Last year, almost 96.000 people in Sweden went to see a doctor because of their osteoarthritis, a number that has increased with 2.3% since the year before and 22,5% since 2007. This is according to the latest numbers from the National Board of Health and Welfare in Sweden. Another newly published study shows that the prevalence of osteoarthritis is predicted to increase with up to 50% the next 15 years. And historically, the cases of osteoarthritis has doubled since the middle of the 1900’s.

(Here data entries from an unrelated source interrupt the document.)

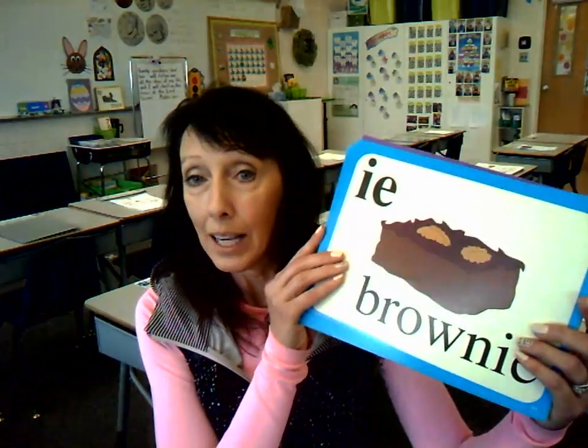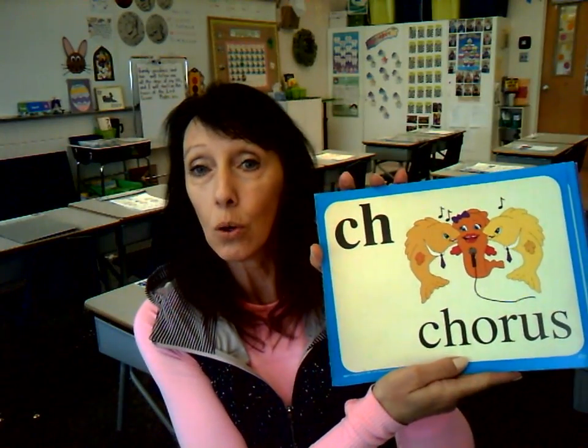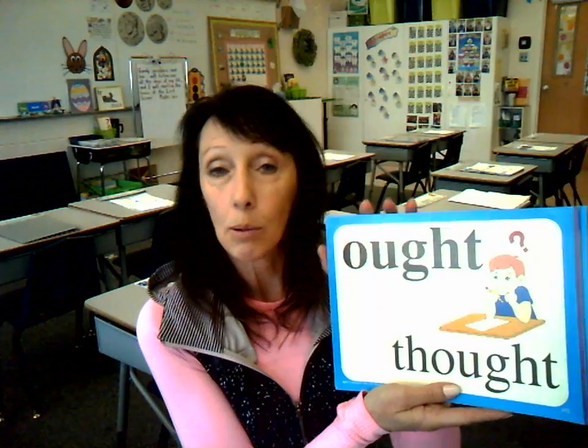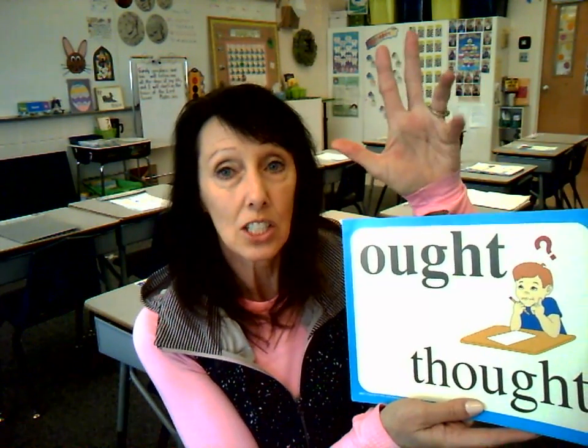And then you're going to write some special sounds. I have them right here and we will review them together. One of them I want you to write is what says E in 'brownie' — I-E. Another one will be what says K in 'chorus' — C-H. J in 'fudge' — D-G-E. Ought in 'thought' — remember when you scratch your head, it has five sounds: O-U-G-H-T.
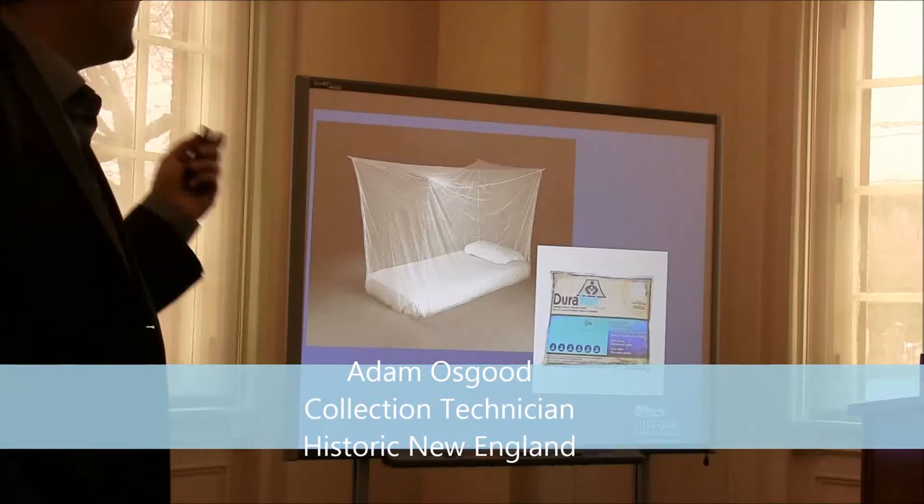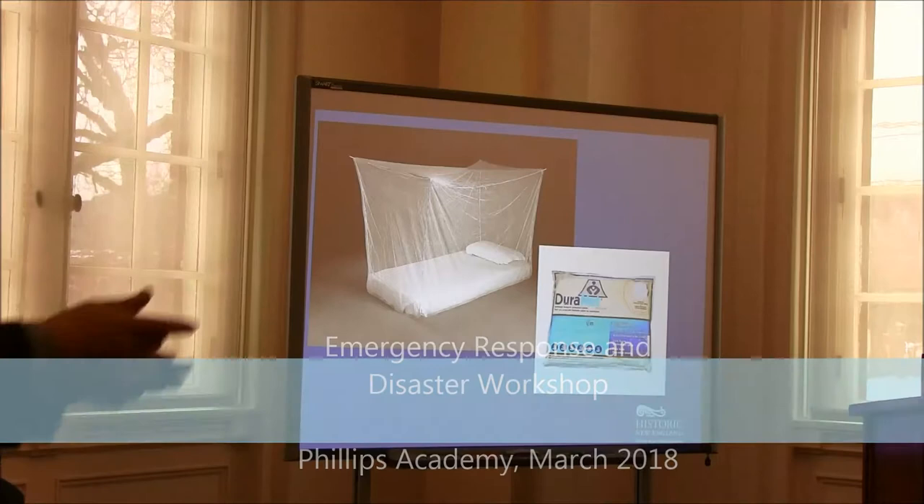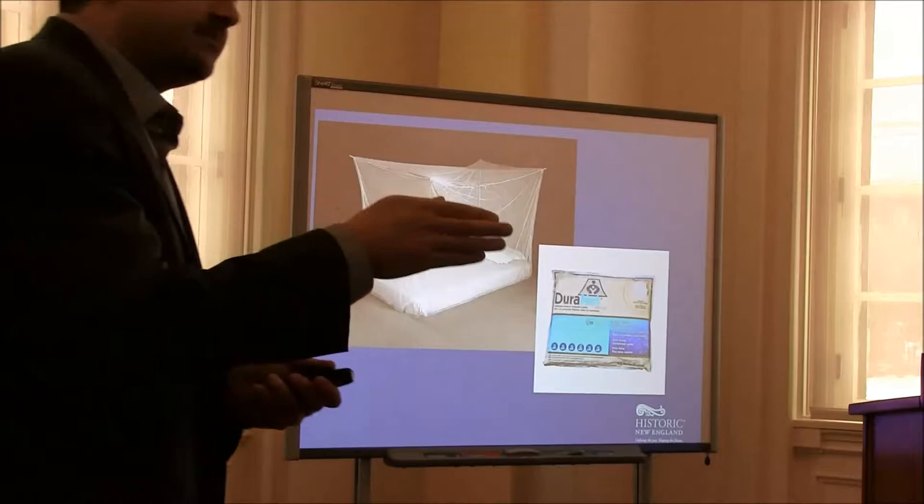The French started experimenting with this — a permethrin-impregnated polyethylene mosquito netting. This was a really cool thing. They were doing it in controlled circumstances where they were seeing reinfestations happening in some of their textiles. In a very controlled fashion, they were actually able to stop and arrest some carpet beetle larvae.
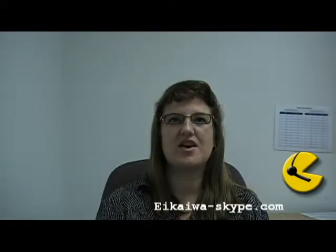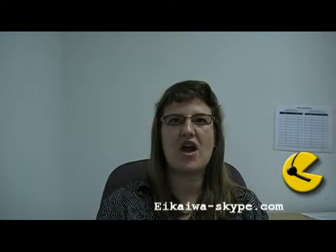Number one: speak slowly and clearly. Practice or write down what you're going to say and take a few deep breaths before you make that phone call.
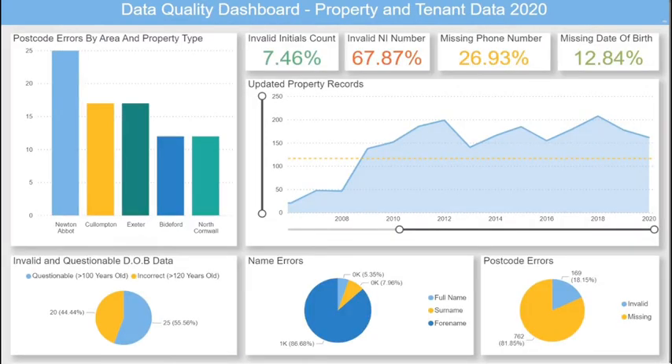3C's data quality dashboards bring data quality to the forefront of your organisation, making issues clear and insightful throughout the hierarchy in order to resolve problems faster, which ultimately leads to a better service for your customers.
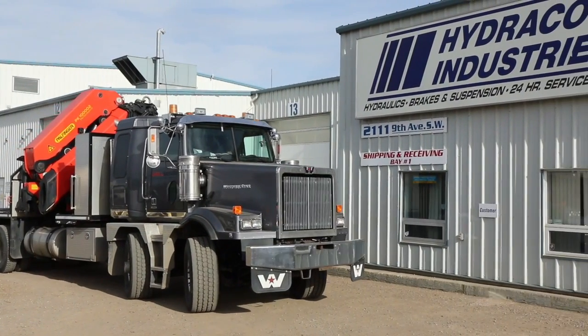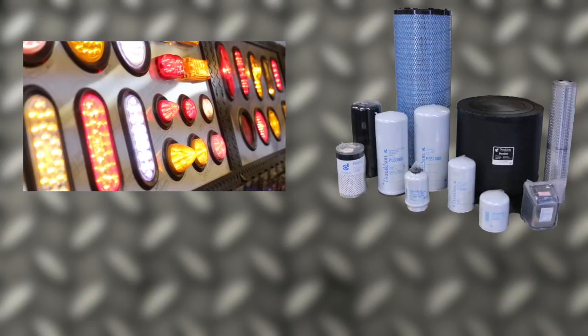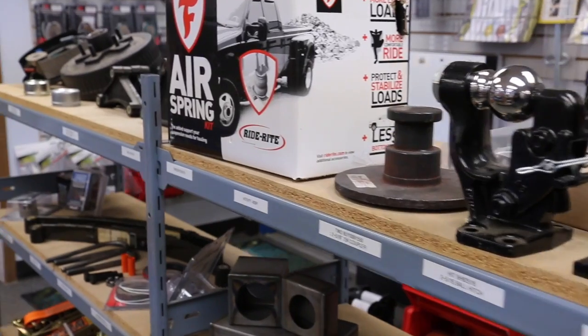Looking for quality parts for your heavy-duty truck or trailer? At Hydroco Industries, we've got a full range of parts, including lighting, Donaldson filters, and drive system components, small trailer parts, and truck accessories.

A chronic condition with high costs
Osteoarthritis is a chronic disease that brings decreased joint function. When looking at the numbers from the National Board of Health and Welfare in Sweden about costs in healthcare, chronic conditions stand for about 80% of the total costs. Osteoarthritis is the most common chronic condition, with around 800.000 people affected by it in Sweden alone. But osteoarthritis doesn’t only affect society as a whole, of course - it also brings a reduced quality of life for the person living with the condition.

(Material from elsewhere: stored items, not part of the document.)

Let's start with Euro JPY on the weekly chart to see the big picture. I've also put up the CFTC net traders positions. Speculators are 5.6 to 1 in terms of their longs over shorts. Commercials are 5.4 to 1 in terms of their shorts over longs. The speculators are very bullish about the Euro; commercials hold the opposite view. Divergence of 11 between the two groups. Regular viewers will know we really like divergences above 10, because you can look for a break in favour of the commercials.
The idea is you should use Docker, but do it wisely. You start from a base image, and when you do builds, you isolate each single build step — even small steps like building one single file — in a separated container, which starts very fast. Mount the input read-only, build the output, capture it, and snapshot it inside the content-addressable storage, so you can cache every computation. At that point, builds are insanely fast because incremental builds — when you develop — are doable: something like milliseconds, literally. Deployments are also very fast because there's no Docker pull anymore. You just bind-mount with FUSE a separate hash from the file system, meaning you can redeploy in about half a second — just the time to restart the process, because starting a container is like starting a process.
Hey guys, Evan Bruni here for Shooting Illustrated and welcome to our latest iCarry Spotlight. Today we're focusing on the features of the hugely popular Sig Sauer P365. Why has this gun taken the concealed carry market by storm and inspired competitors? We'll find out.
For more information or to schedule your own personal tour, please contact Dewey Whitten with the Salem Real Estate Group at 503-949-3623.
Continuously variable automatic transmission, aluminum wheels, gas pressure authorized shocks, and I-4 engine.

- The numbers from the National Board of Health and Welfare in Sweden confirm that the need for osteoarthritis care is increasing. The condition often causes great troubles for the person living with the disease, but those who stick to their treatment program oftentimes don’t need to see a doctor. However, this means that the treatment offered to the patient is easily available and fits their everyday life, Jakob Dahlberg, founder of Joint Academy - the company who has compiled the numbers, says.
The county of Norrbotten had both the lowest amount of osteoarthritis patients that saw a doctor for their pain, with 716 patients per 100.000 people, and the percentually biggest decrease with 13.7%. The county of Gotland had the highest amount of people with 1.402 patients per 100.000 people. However, the highest, percentual increase of the number of visits was in the counties of Jämtland and Blekinge, with just above 13% each.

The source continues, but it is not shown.